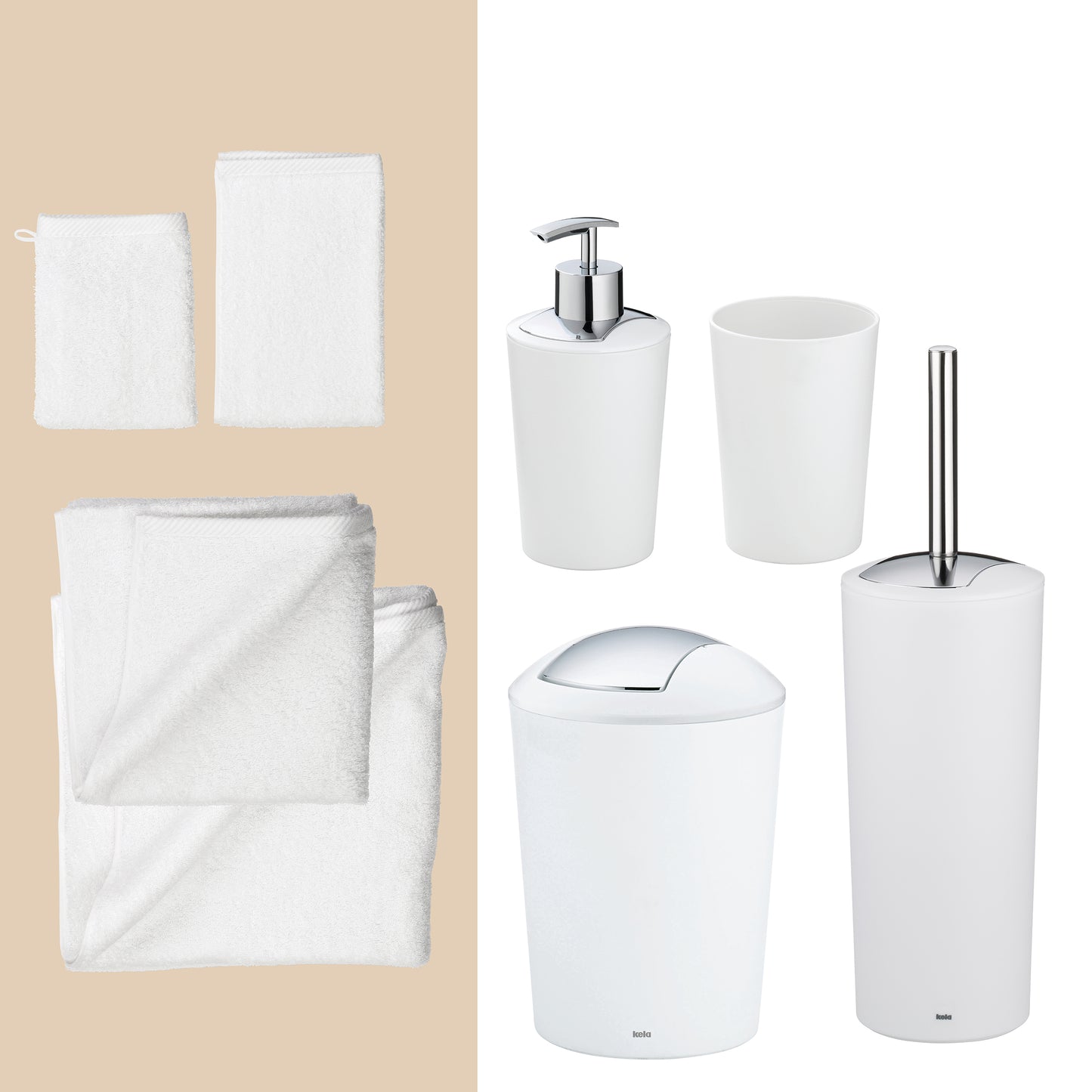 White Horizon – Volledige 20-delige Badkamer Set met Handdoeken & Accessoires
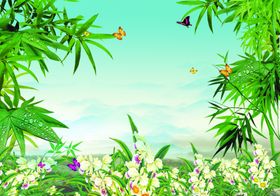 竹子竹叶富贵竹大山若隐若现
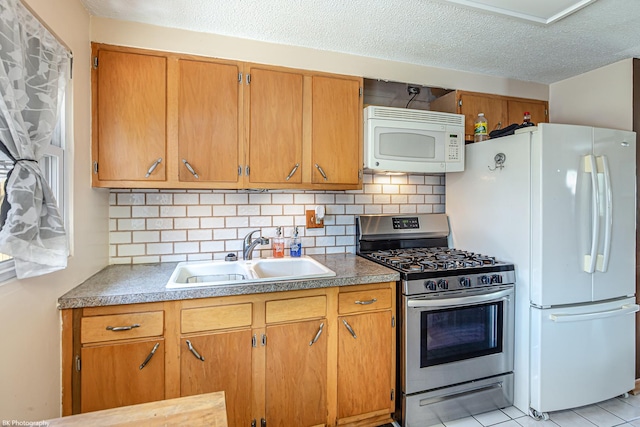 4037 W 90th Pl, Hometown, IL 60456 - kitchen with white appliances, a sink, decorative backsplash, a textured ceiling, and light tile patterned floors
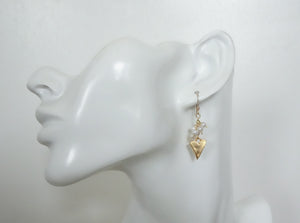 Gold Heart Pearl Cluster Earrings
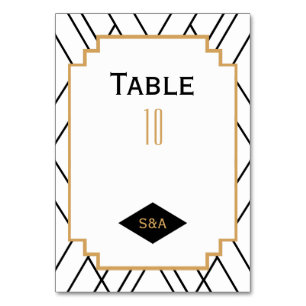 Monogram Black, Gold, White Art Deco Wedding Table Number
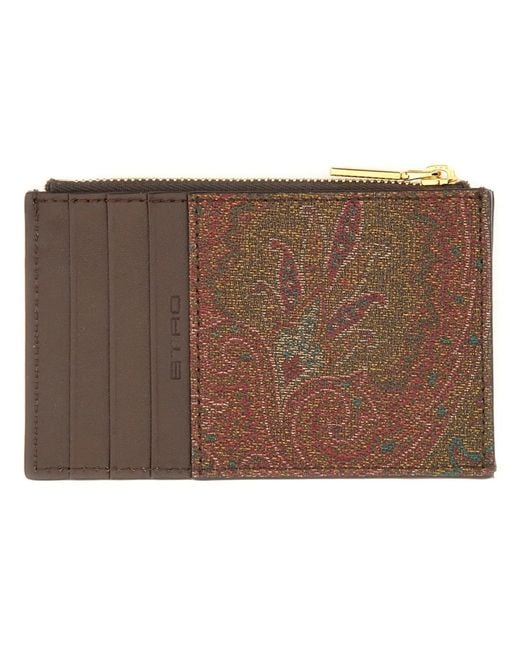 Etro Brown Card Holder "Arnica" With Pegasus for men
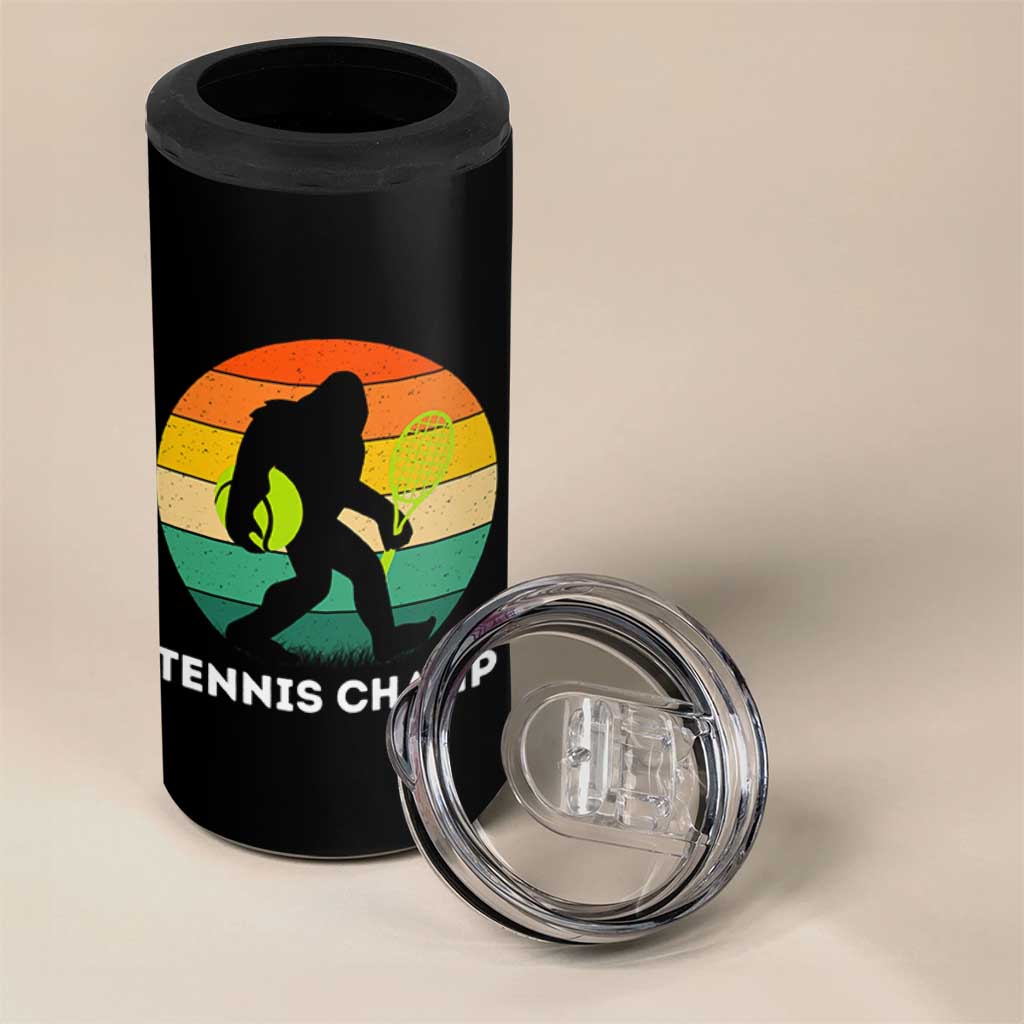 Vintage Retro Bigfoot Tennis Player Gift 4 in 1 Can Cooler Tumbler Tennis Champ - Wonder Print Shop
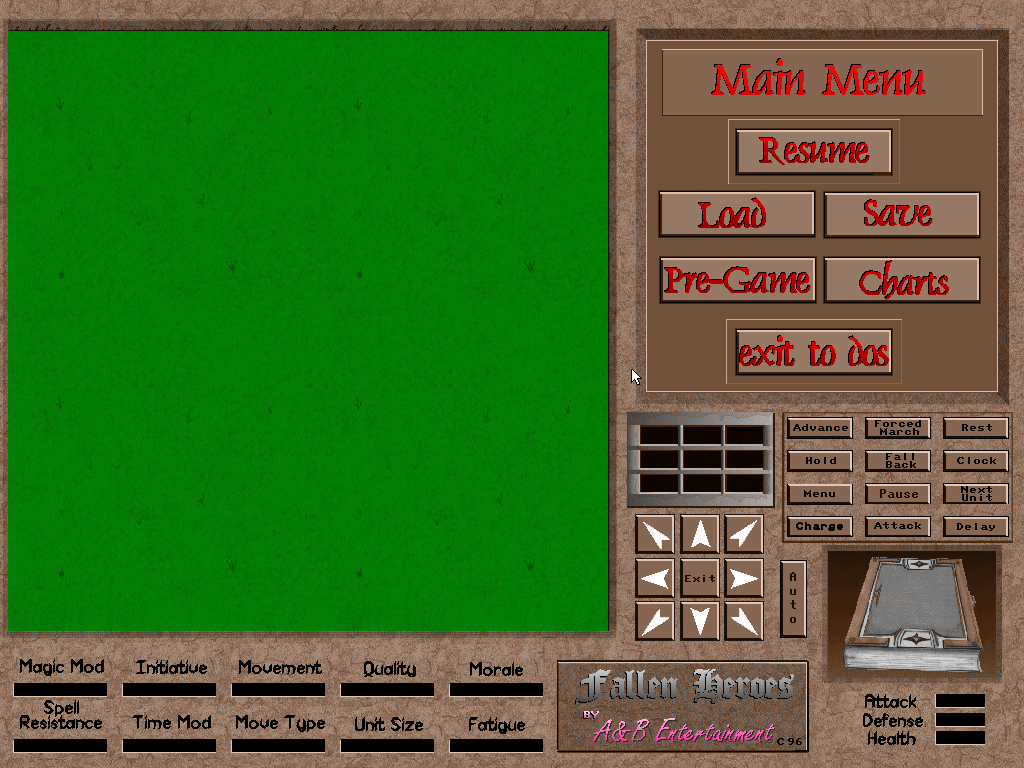 Fallen Heroes (DOS) screenshot: Main menu.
* * * * * * *
ABOUT THIS EXERCISE: Start at the line holding "Vintage Retro Bigfoot" and stop at the last line of the entries above. Repeat those lines exactly, pictures excluded.

RESULT OF THIS EXERCISE:
 Vintage Retro Bigfoot Tennis Player Gift 4 in 1 Can Cooler Tumbler Tennis Champ - Wonder Print Shop
 Fallen Heroes (DOS) screenshot: Main menu.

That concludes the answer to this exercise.